The present meta-analysis also found variations of ONSD among different etiologies of intracranial hypertension (Fig. 4), though there were only three study dedicated to IIT and one focusing on hydrocephalus. Compared to hydrocephalus, values for traumatic etiologies were greater than hydrocephalus (6.12 [95%CI 5.88–6.35] vs 5.8 [95%CI 5.64–5.96] mm), which may be explained by the rapid increase in ICP due to mass effect from head injury. However, the pooled pressure of idiopathic intracranial hypertension was the highest (6.62 [95%CI 6.45–6.79)] mm), which is possibly due to chronic change. Such observation could be affected by the etiology of the disease. Based on the modified Dandy criteria, papilledema is one criterion of diagnosing idiopathic intracranial hypertension [42]. Because papilledema is optic disc edema resulted from elevated ICP transmitted through optic nerve sheath [43], increase of ONSD should takes precedence prior to the development of papilledema. Because of under powering of the number of included studies, these speculation warrants further research (Fig. 5).

Fifteen studies compared the ONSD between patients with increased ICP and a normal cohort (Fig. 2). The ONSD measured by US was significantly larger among patients with elevated ICP compared to their normal counterparts (5.6 mm vs 4.1 mm, SMD: 2.44 [95% CI 1.93–2.95]).

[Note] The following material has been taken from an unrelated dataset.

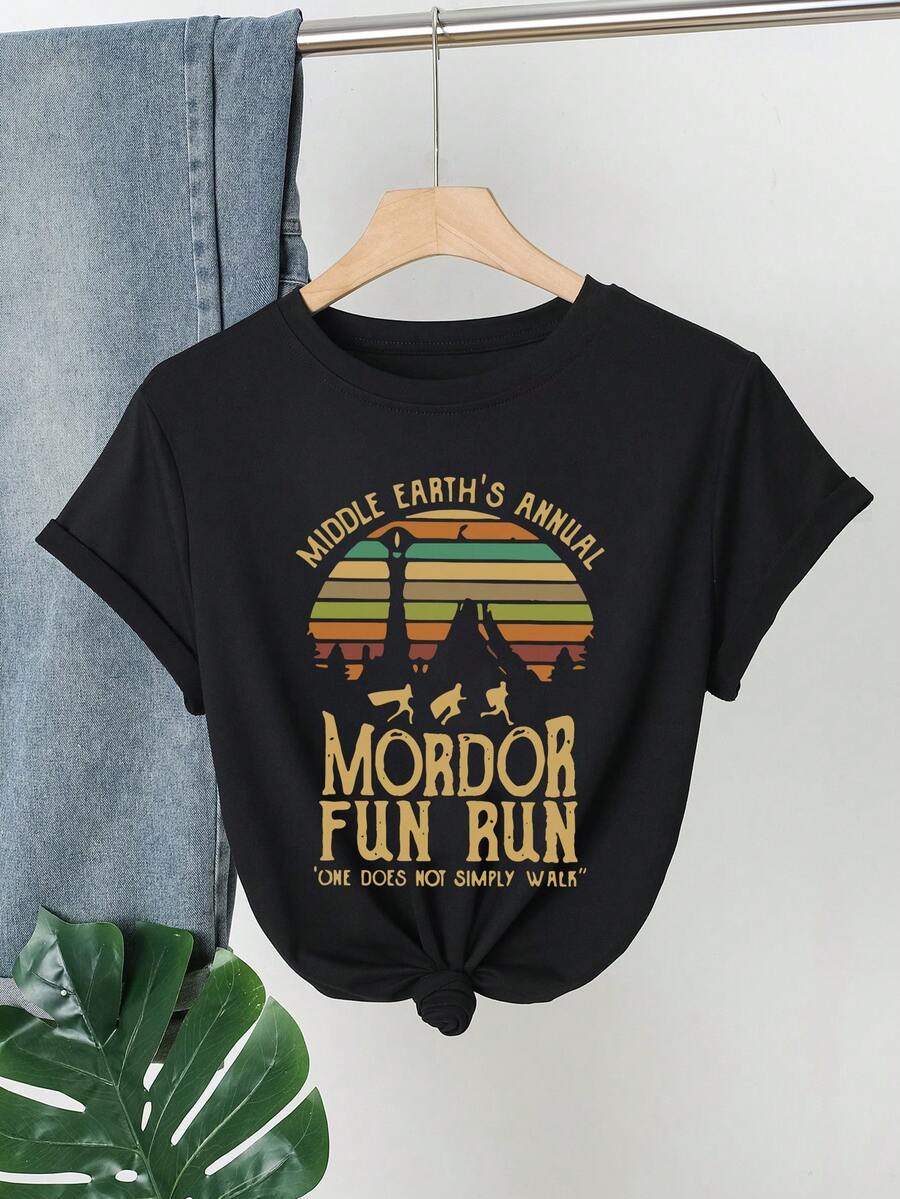 Camiseta casual de mujer de poliéster con estampado divertido de MORDOR FUN RUN en diseño geométrico, cuello redondo, manga corta, ajuste regular, tejido de punto para todas las estaciones, color negro para verano - Negro - Ver 1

The present study should be interpreted with several caveats. Despite most studies being prospective in nature, baseline patient characteristics can be heterogeneous such as the etiology of increased ICP and clinical settings where US-ONSD measurement was taken place. Subgroup analyses were performed and showed variations in terms of the pooled value in each condition. Nonetheless, the majority of studies were reported ONSD among a mixed population. Future study should report outcomes stratified based on these variables to determine the mean value for elevated ICP in each clinical scenario. Further, the present meta-analysis did not analyze the sensitivity and specificity of the pooled US-ONSD value. Such analysis requires each individual study reporting sensitivity and specificity in the original article, but the criteria of US-ONSD for elevated ICP vary among different authors. A number of studies for the ONSD evaluation used the median values rather than the mean value. Although in our analysis we used all the values relevant in the literature to obtained mean values, this could be a potential confounder when trying to establish an accurate value. ONSD values are usually represented as the average of measurements between the eyes. Normally, three measures for each eye are taken and then averaged. However, some studies used only two measures per eye, and some others used one transverse measurement and one on vertical plane per eye (averaged). Furthermore, some studies have suggested an "internal" ONSD (ONSDi) and an "external" ONSD (ONSDe). The two measurements can differ. These factors can produce differences of measurements and potential bias may be created.

Even if there are several limitations about the use of a unique cut-off value of ONSD for detecting elevated ICP, this update may help to clarify which is the value that could be considered as marker of intracranial hypertension.

Thus, the aim of the present study was to pool the US-ONSD using available studies to determine a mean value that can be used as a reference for future study to determine its specificity and sensitivity in real-world clinical practice.

Based on available evidence, the mean value of the ONSD among patients diagnosed with increased ICP was 5.82 mm (95% CI 5.58–6.06 mm). Variations were observed based on etiology of intracranial hypertension, clinical settings where ONSD was measured, and standards for diagnosing intracranial hypertension. The US-ONSD among patients with elevated ICP was significantly higher than the normal control. Although a cut-off value is not clearly determined these mean values can be implemented to evaluate the sensitivity and specificity of US-ONSD in diagnosing intracranial hypertension in future studies. Larger, stratified, prospective studies are warranted to determine its value in each clinical setting.